### Work instruction
What is needed is an exact repeat of the lines from the one holding "Burberry Collar Short Sleeve Polo Shirt" through the final line of the data, with no pictures.

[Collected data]
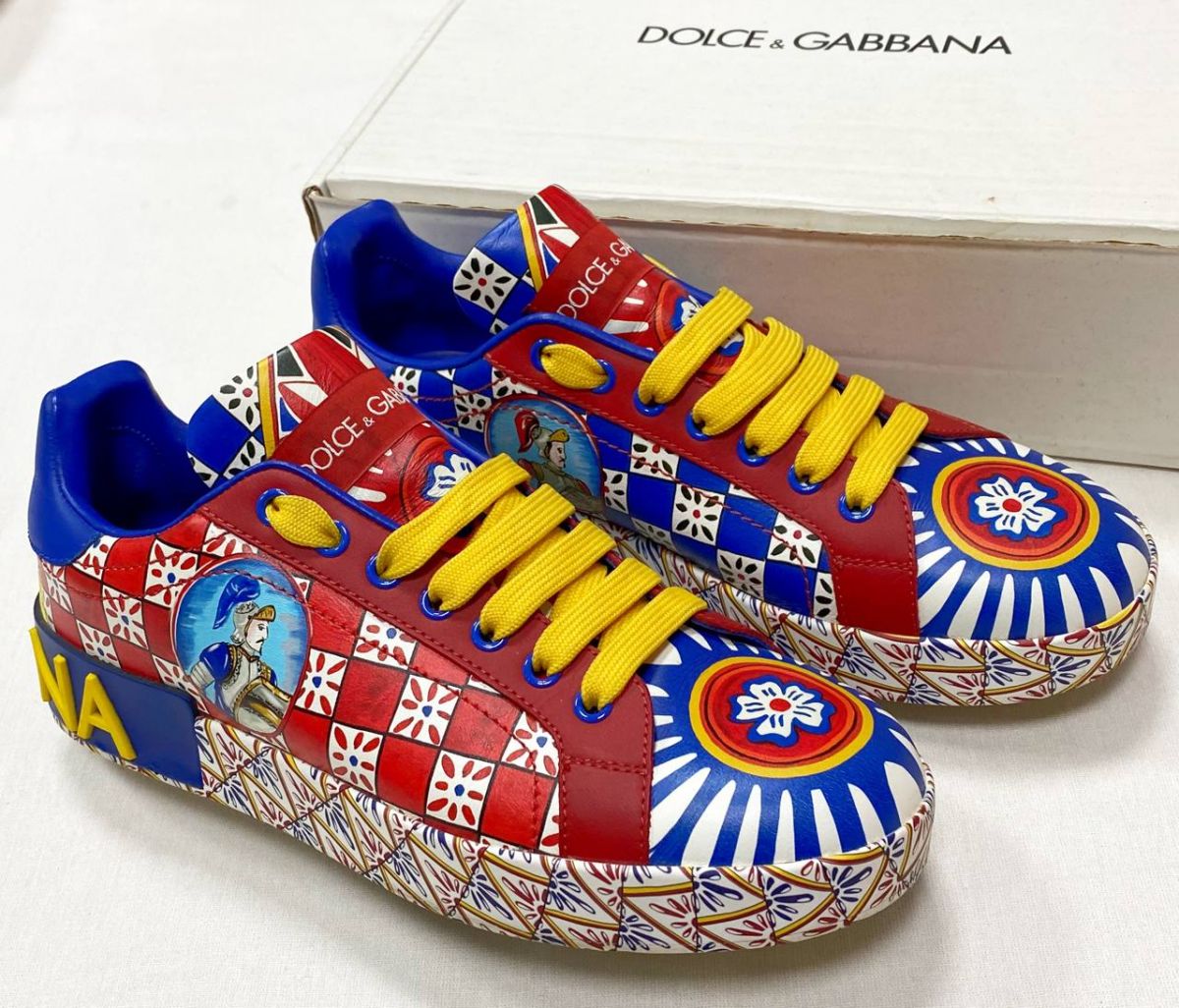 Кеды Dolce Gabbana размер 38.5 цена 26 614 руб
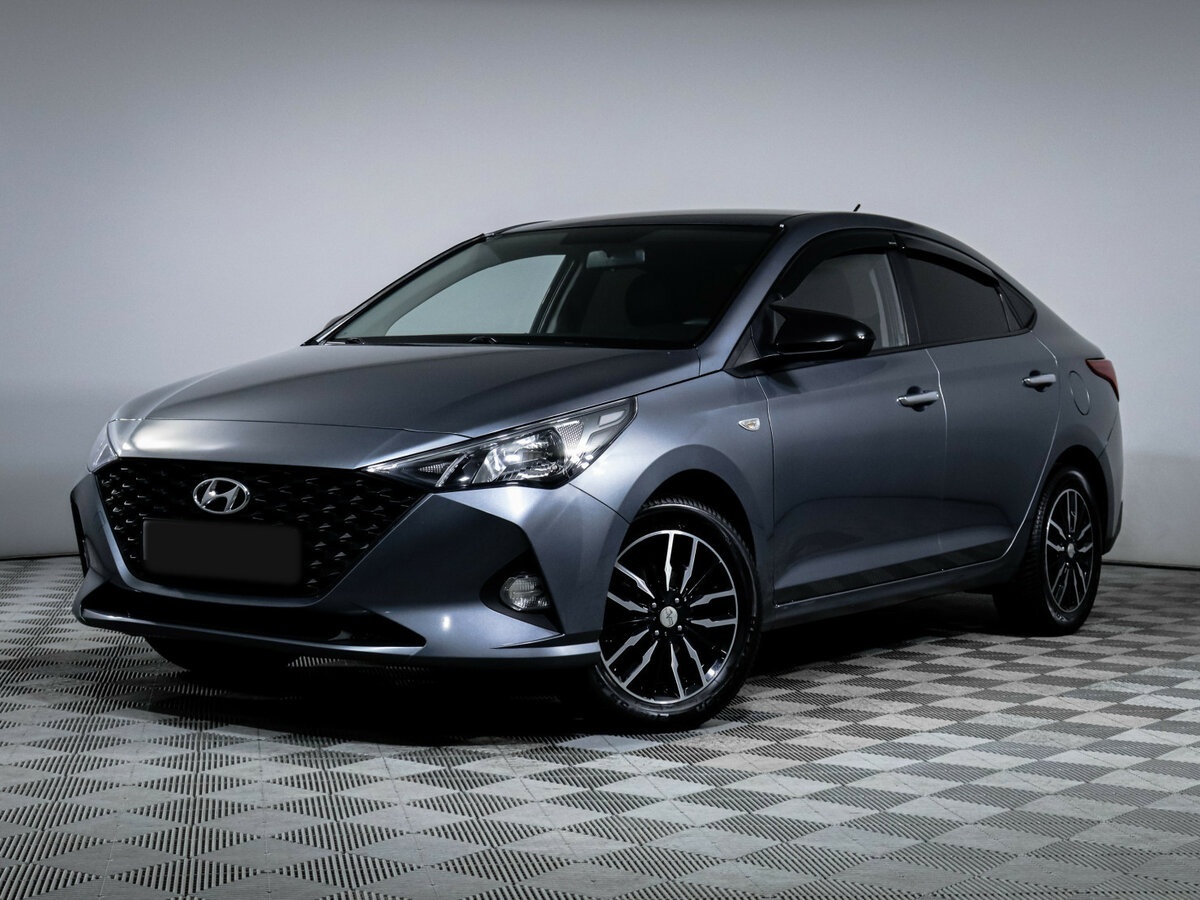 Hyundai Solaris б/у, 2020, Автоматическая. Посмотреть фото
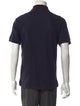 Burberry Collar Short Sleeve Polo Shirt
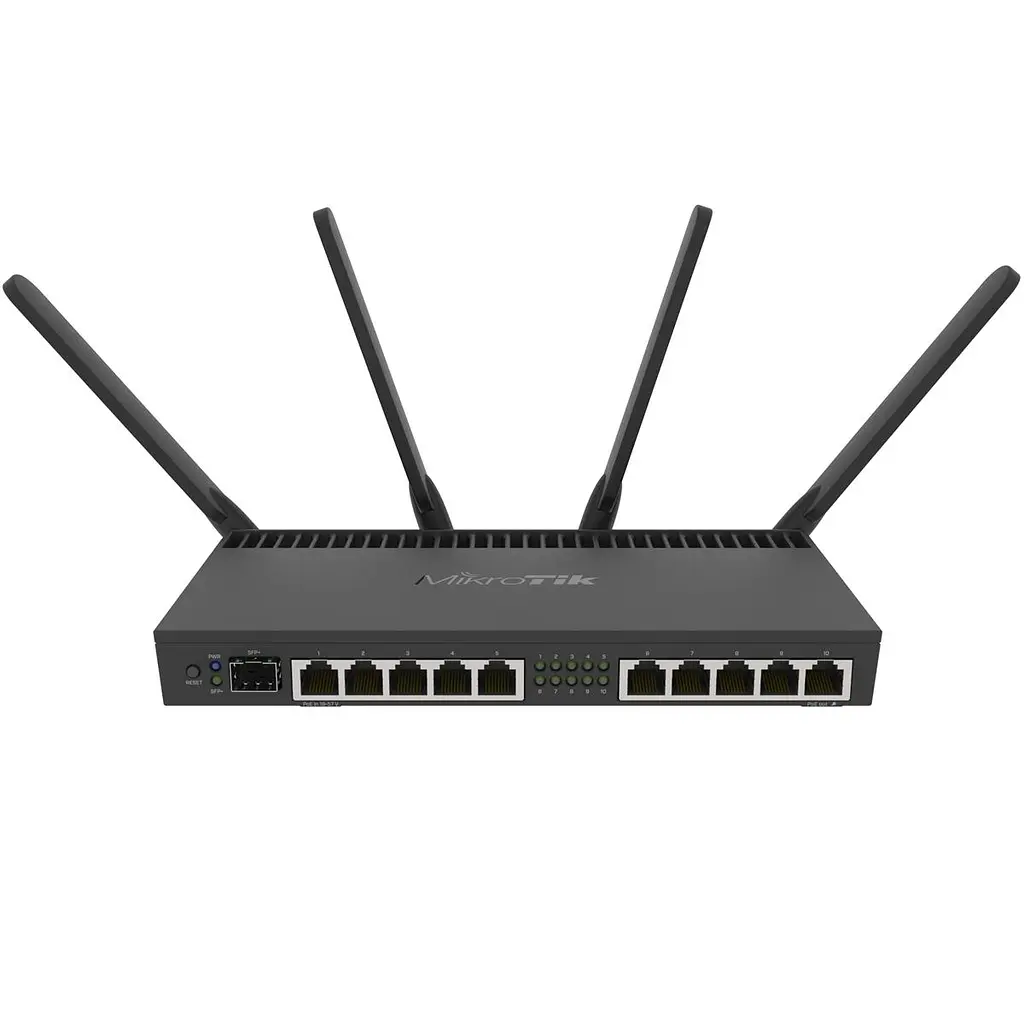 Бездротовий маршрутизатор MikroTik RB4011iGS+5HacQ2HnD-IN - фото 5
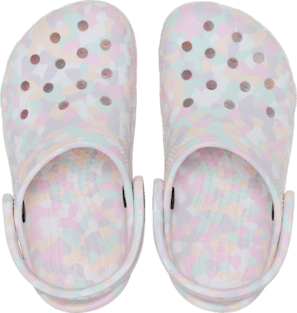 Toddler Classic Confetti Clog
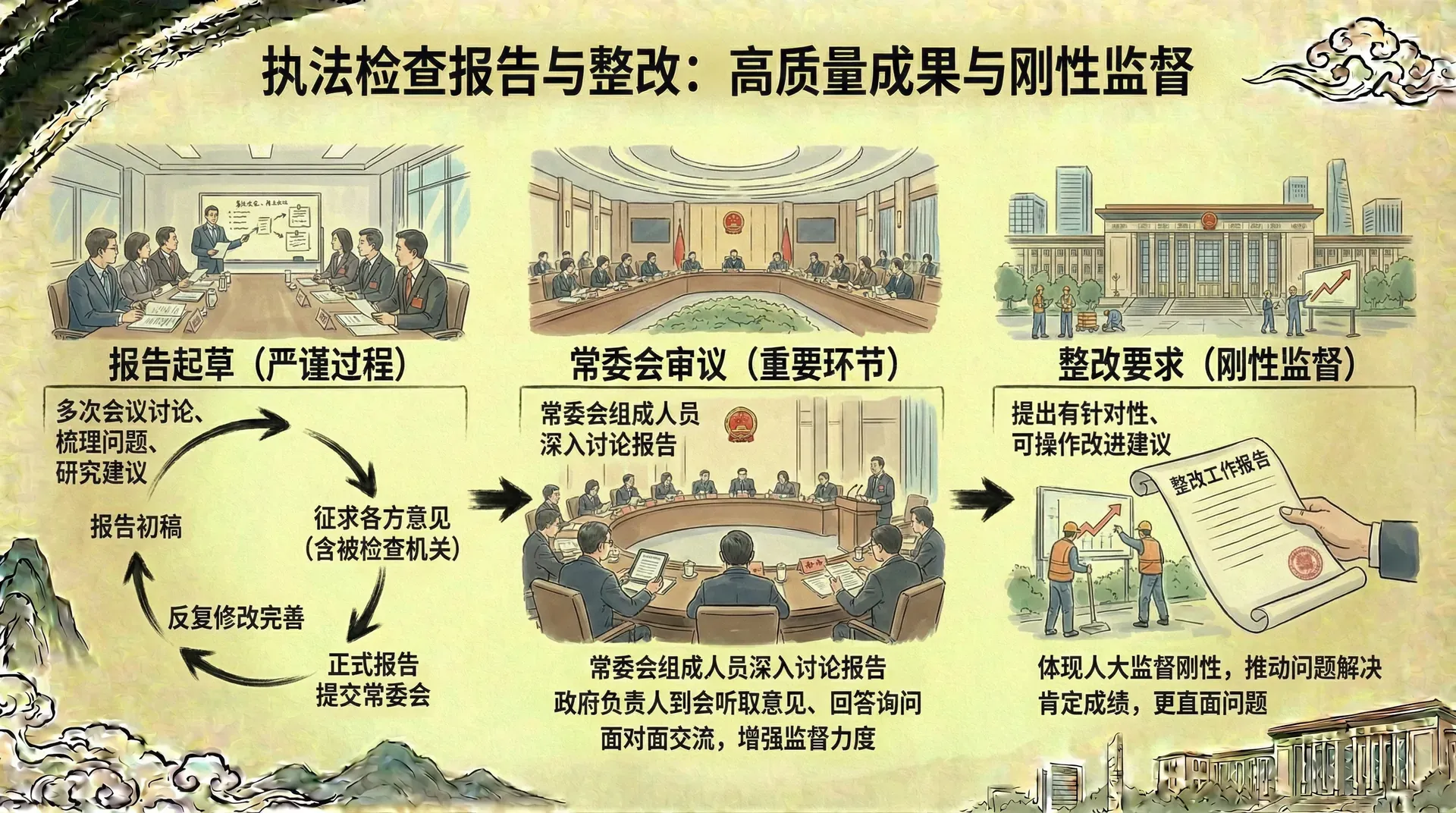 检查报告和整改要求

### Task output
 Burberry Collar Short Sleeve Polo Shirt
 Бездротовий маршрутизатор MikroTik RB4011iGS+5HacQ2HnD-IN - фото 5
 Toddler Classic Confetti Clog
 检查报告和整改要求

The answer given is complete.